All blocks that are assigned to a call can be run in parallel. If you launch a kernel with N blocks, then you could think of it as running N separate instances of the kernel function. That’s pretty convenient! The nvcc compiler will make sure that the kernel function has access to the exact block index so that the specific block-instance of the kernel knows which parts of the incoming arrays it should process. So in essence, a CUDA kernel is a kind of map operation.
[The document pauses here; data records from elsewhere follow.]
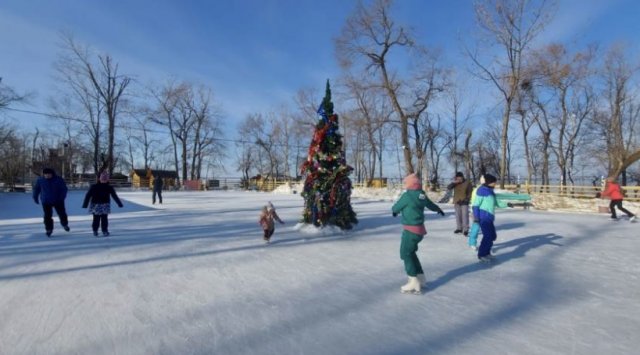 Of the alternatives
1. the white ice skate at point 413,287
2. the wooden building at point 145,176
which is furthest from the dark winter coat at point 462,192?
the wooden building at point 145,176

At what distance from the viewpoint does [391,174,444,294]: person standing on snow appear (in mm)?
4391

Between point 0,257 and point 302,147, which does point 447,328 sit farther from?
point 302,147

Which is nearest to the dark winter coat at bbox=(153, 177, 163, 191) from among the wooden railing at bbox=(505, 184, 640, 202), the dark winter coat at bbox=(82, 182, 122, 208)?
the dark winter coat at bbox=(82, 182, 122, 208)

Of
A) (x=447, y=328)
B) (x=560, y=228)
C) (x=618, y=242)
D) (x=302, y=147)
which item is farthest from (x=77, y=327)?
Result: (x=302, y=147)

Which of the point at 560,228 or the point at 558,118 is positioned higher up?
the point at 558,118

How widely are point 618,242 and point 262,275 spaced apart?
7640 mm

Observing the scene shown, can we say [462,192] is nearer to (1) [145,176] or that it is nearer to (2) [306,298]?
(2) [306,298]

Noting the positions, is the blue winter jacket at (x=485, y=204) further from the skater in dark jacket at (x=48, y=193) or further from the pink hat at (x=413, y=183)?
the skater in dark jacket at (x=48, y=193)

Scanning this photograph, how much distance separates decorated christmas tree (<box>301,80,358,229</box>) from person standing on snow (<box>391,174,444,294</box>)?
176 inches

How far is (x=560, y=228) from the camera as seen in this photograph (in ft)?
32.8

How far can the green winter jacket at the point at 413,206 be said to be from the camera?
175 inches

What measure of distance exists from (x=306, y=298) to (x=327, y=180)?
5032 millimetres

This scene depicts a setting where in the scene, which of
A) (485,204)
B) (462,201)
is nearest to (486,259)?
(485,204)

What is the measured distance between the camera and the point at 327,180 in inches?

A block can contain multiple threads itself. Threads are just an additional layer of parallelism, so they run in parallel. Why another layer of parallelism, you ask? Well, threads can do things that blocks cannot. Threads can share their memory which is typically useful when you want to use the same value of some input array in the same block multiple times. The shared memory access is much faster and it is one of the many ways you can optimize your final CUDA implementation. Here is a schematic illustration of the two parallel layers:

Figure 1: Blocks and threads for parallel computing on a CUDA device.

The CUDA kernel

Now we’re ready to look at the CUDA implementation of the forward capsule prediction:

__global__ void capsulePredictionKernel(
    const float* in, const float* weights, float* out,
    const int64 o_d0, const int64 o_d1, const int64 o_d2,
    const int64 x_d0, const int64 x_d1,
    const int64 w_d0, const int64 w_d1, const int64 w_d2,
    const int64 in_dim, const int64 output_size)
{
  CUDA_1D_KERNEL_LOOP(i, output_size)
  {
    // So here we have out[b,ci,cj,e]
    const int64 b     = i / o_d0;
    const int64 ci    = (i % o_d0) / o_d1;
    const int64 cj    = (i % o_d1) / o_d2;
    const int64 e_out  = i % o_d2;

    // Then, we can have a look at computing the array indices for in and W
    int64 in_idx = b * x_d0 + ci * x_d1;
    int64 w_idx = ci * w_d0 + cj * w_d1 + e_out * w_d2;

    // Initialize result
    float result = 0.0;
    for (int64 v = 0; v < in_dim; ++v)
      // For both in and weights, the subsequent elements of the forward
      // computation are also subsequent in memory
      result += ldg(in + in_idx++) * ldg(weights + w_idx++);
    // Write result
    out[i] = result;
  }
}

The first thing you might notice is the __global__ qualifier that precedes the function definition. This is what the nvcc compiler uses to make the function available globally, meaning that it can be launched from CPU, or ‘host’ code in CUDA terminology. The function’s arguments inherit their names from the launchCapsulePrediction function so they should not cause too much confusion. The CUDA_1D_KERNEL_LOOP is a macro defined in tensorflow/core/util/cuda_kernel_helper.h. It replaces this line of code with:

for (int i = blockIdx.x * blockDim.x + threadIdx.x; i < output_size;
     i += blockDim.x * gridDim.x)

The CUDA kernel launch together with this TensorFlow macro forces us to think in an abstract yet convenient way: it gives us some index i that correspond to the i-th element of the output array out. Different block/thread instantiations of this kernel will get their own values for i. Now all we have to do is figure out what the indices are of our additional arrays in and weights. In order to do that, we determine the batch index b, the input capsule index ci, the output capsule index cj and the out capsule element index e_out:

// So here we have out[b,ci,cj,e]
const int64 b     = i / o_d0;
const int64 ci    = (i % o_d0) / o_d1;
const int64 cj    = (i % o_d1) / o_d2;
const int64 e_out = i % o_d2;

Determining these becomes straightforward once we know the number of elements contained in each axis. In fact, we have given the memory sizes as arguments to the function. For the other arrays, we can then convert b, ci, cj and e_out to their respective one-dimensional indices:

// Then, we can have a look at computing the array indices for in and W
int64 in_idx = b * x_d0 + ci * x_d1;
int64 w_idx  = ci * w_d0 + cj * w_d1 + e_out * w_d2;

Again, we use the already provided memory sizes for each of the axes to get our one-dimensional indices. These are the indices for the first input capsule element of (i) input capsule ci at batch index b and (ii) the weights of the input capsule ci, the output capsule cj and the output capsule element e_out. If you’re familiar with Matlab, then perhaps it helps to remind you of the sub2ind function that concerns the very same thing.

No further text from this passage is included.